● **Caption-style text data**
□ □ □ □ □ □ □

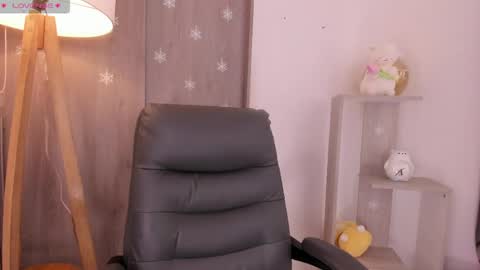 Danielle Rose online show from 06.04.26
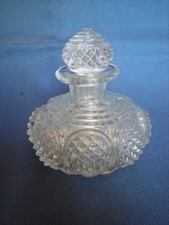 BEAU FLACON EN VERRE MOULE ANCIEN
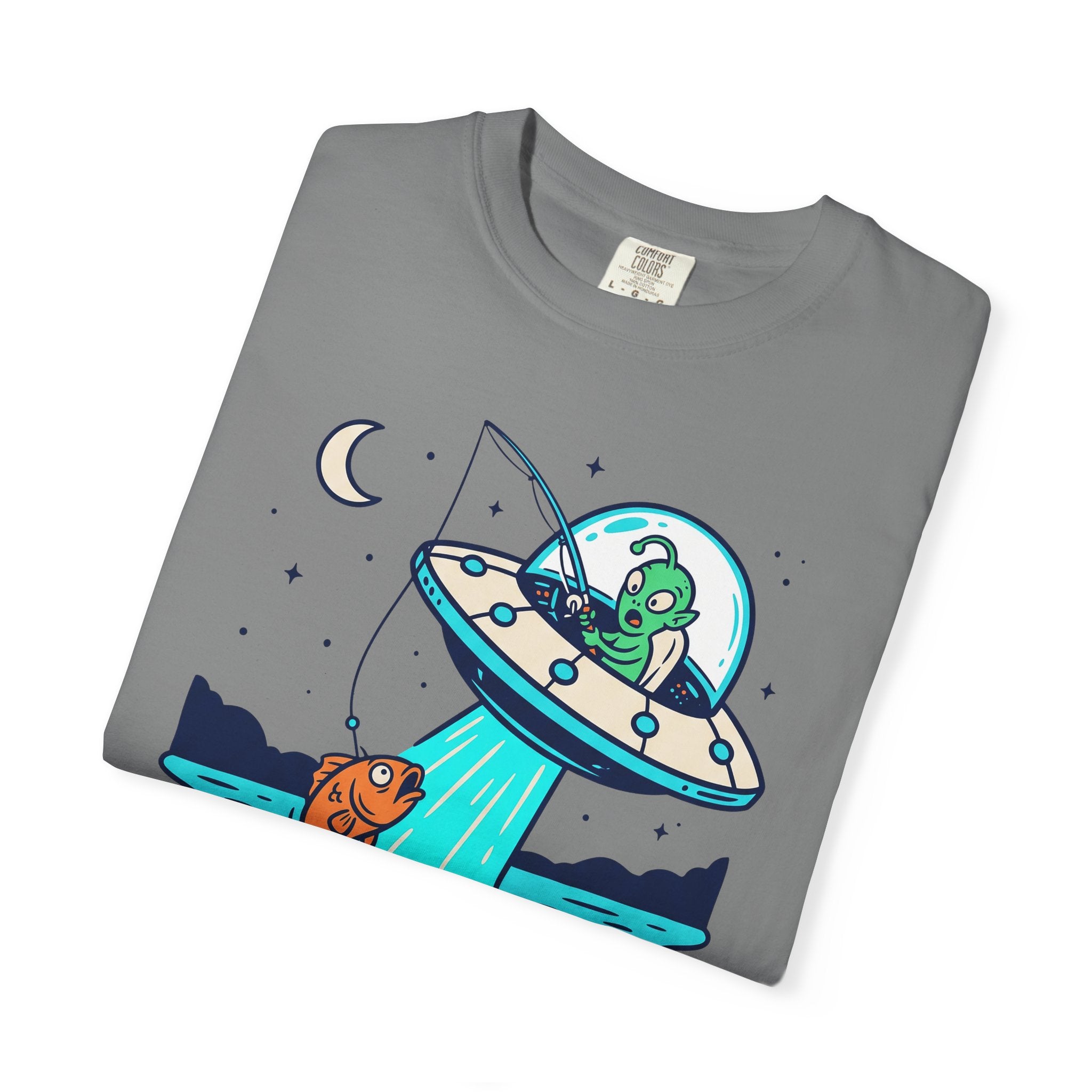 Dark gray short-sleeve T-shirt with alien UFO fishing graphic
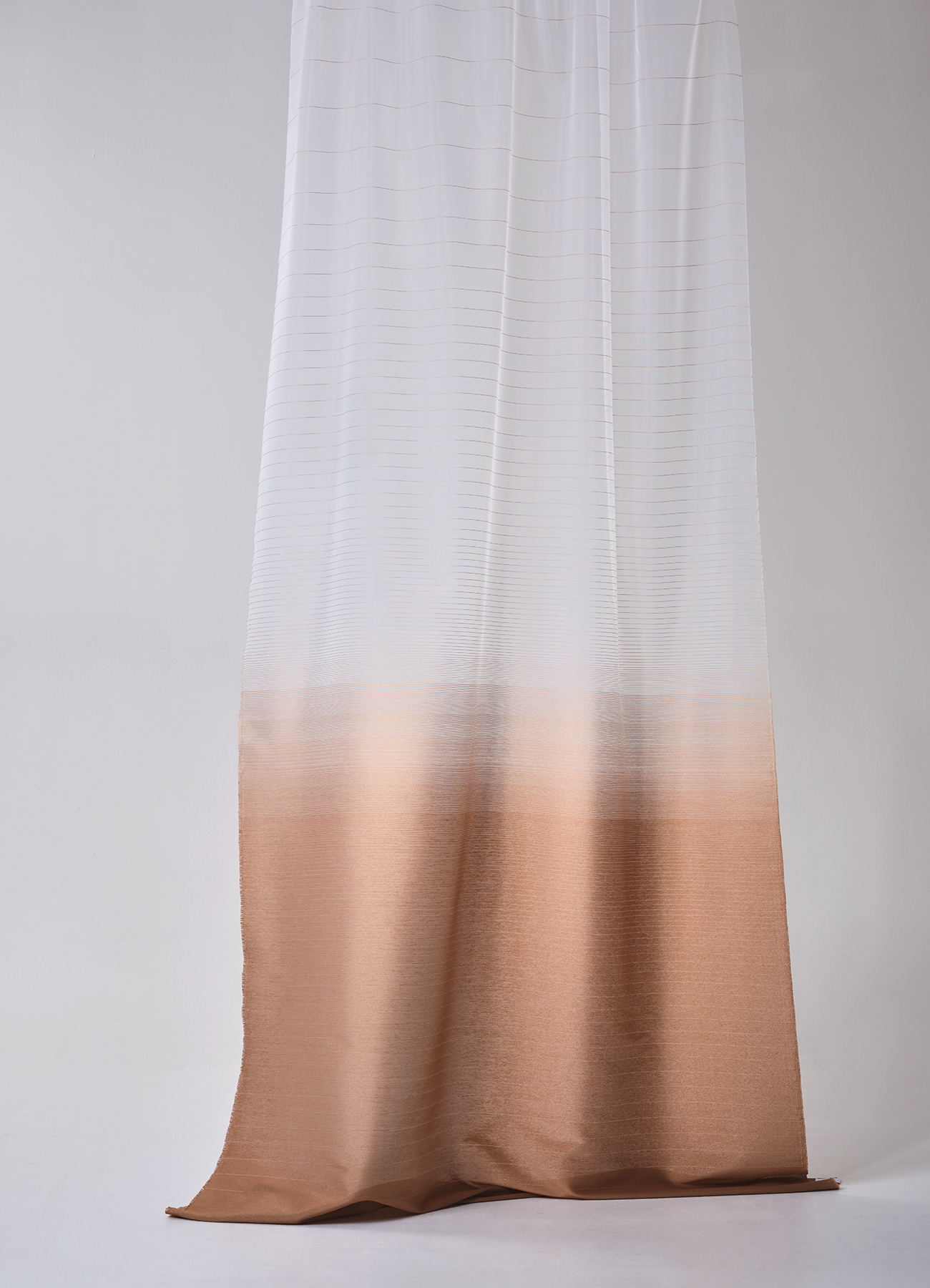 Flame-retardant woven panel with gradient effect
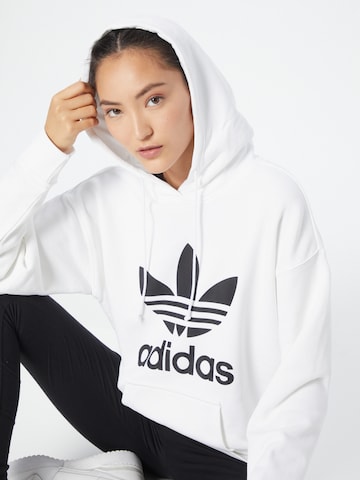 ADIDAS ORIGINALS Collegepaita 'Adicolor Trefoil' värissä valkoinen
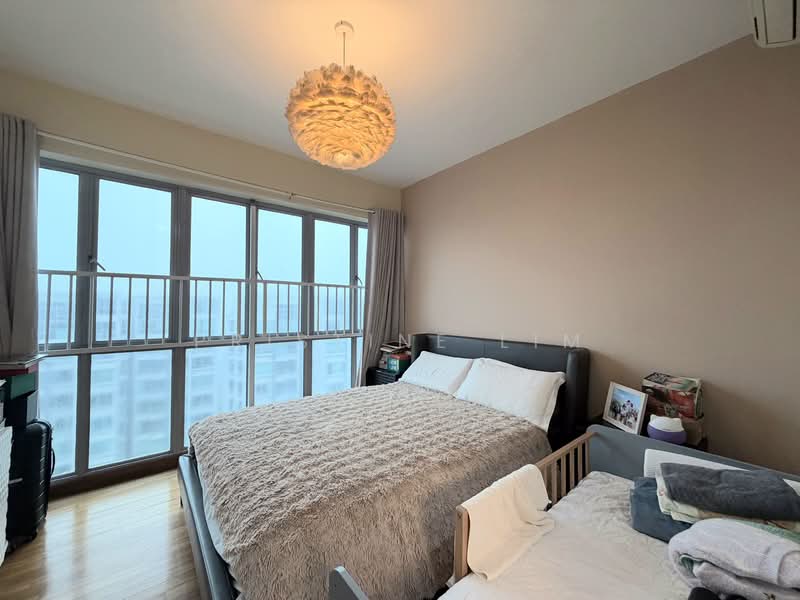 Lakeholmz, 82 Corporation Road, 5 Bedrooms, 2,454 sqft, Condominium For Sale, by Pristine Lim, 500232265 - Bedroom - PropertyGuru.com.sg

□ □ □ □ □ □ □

● **WORK REQUIRED**
Word for word, reproduce all of the entries above and omit the pictures.

● **SOLVED PROBLEM**
 Danielle Rose online show from 06.04.26
 BEAU FLACON EN VERRE MOULE ANCIEN
 Dark gray short-sleeve T-shirt with alien UFO fishing graphic
 Flame-retardant woven panel with gradient effect
 ADIDAS ORIGINALS Collegepaita 'Adicolor Trefoil' värissä valkoinen
 Lakeholmz, 82 Corporation Road, 5 Bedrooms, 2,454 sqft, Condominium For Sale, by Pristine Lim, 500232265 - Bedroom - PropertyGuru.com.sg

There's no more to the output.